Republicans opposed the Inflation Reduction Act because it does absolutely nothing to reduce inflation. To the contrary, according to the non-partisan Congressional Budget Office, it will exacerbate the already painful inflationary spike in America – the worst since Carter was president four decades ago. Fact is, this is a “Green New Deal” bill which makes taxpayers pay for an utterly unsustainable, grossly ill-conceived, and patently unaffordable boondoggle. 

Biden and Democrats are making us fund their Green New Deal Utopia with money we don’t have and debt we can ill afford. Their out-of-control spending will compound this inflationary crisis and inflict even more pain. Not only is this legislation massively deceptive and dishonest, its failure will also further devastate the lives of hard-working Americans and their families. Republicans voted against it because it’s just another typical Democrat bait and switch.

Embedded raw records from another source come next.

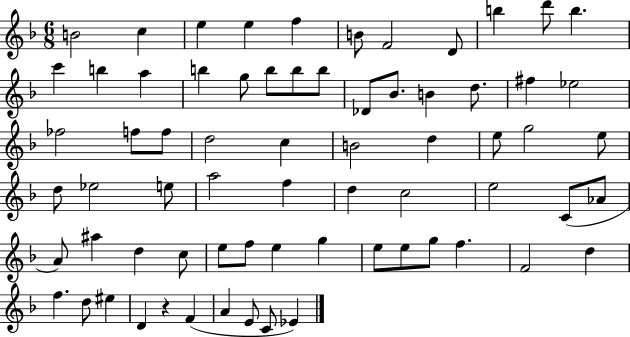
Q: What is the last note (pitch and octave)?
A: Eb4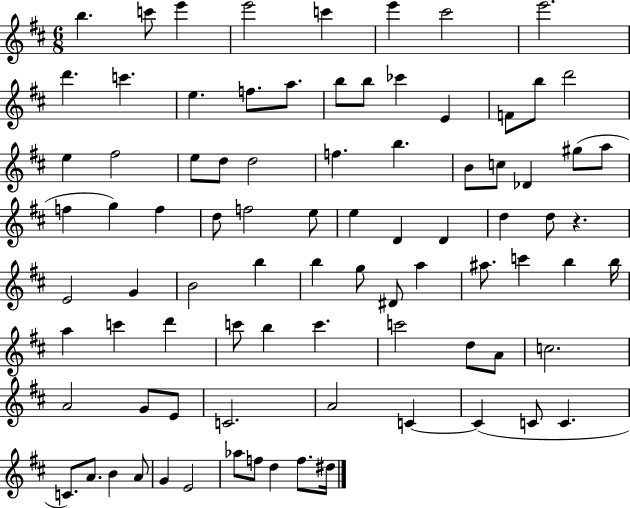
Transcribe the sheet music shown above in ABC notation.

X:1
T:Untitled
M:6/8
L:1/4
K:D
b c'/2 e' e'2 c' e' ^c'2 e'2 d' c' e f/2 a/2 b/2 b/2 _c' E F/2 b/2 d'2 e ^f2 e/2 d/2 d2 f b B/2 c/2 _D ^g/2 a/2 f g f d/2 f2 e/2 e D D d d/2 z E2 G B2 b b g/2 ^D/2 a ^a/2 c' b b/4 a c' d' c'/2 b c' c'2 d/2 A/2 c2 A2 G/2 E/2 C2 A2 C C C/2 C C/2 A/2 B A/2 G E2 _a/2 f/2 d f/2 ^d/4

Consider the following shocking statistics:

“California leads the U.S. in the adoption of electric vehicles accounting for 38.9% of all EVs registered nationwide. That represents, however, less than 2% of all vehicles on the road in California.” Second is Florida: 6.7%  Third is Texas: 5.4%  Fourth is Washington: 4.4%   Fifth is New York: 3.6% (of all EVs registered nationwide).

Nationwide, just six-hundreths of one percent of all vehicles registered in the country are electric.

By the way, only days after California Governor, Newson signed into law the ban on the sale of gas-powered cars by 2035 (when only EVs can be sold), he pleaded with California EV owners to postpone charging their cars from 4:00 pm to 9:00 PM to help mitigate the rolling power outages across his state. Perhaps someone should remind the good governor that less than 2% of all the cars on California roads today are EVs, so what’s going to happen after 2035?

New York Post reported on Biden’s recent White House celebration of his “Inflation Reduction Act” even as the market plummeted nearly 1,300 points the same day. Biden, age 79, had classic folk rocker James Taylor kick off the White House South Lawn bash with his 1970 hit “Fire and Rain” — a song reportedly about suicide and heroin addiction — to belatedly celebrate passage of his Inflation Reduction Act spending bill.”

Save America, ladies and gentlemen, vote Republican this November. At least,  they have use of all their faculties.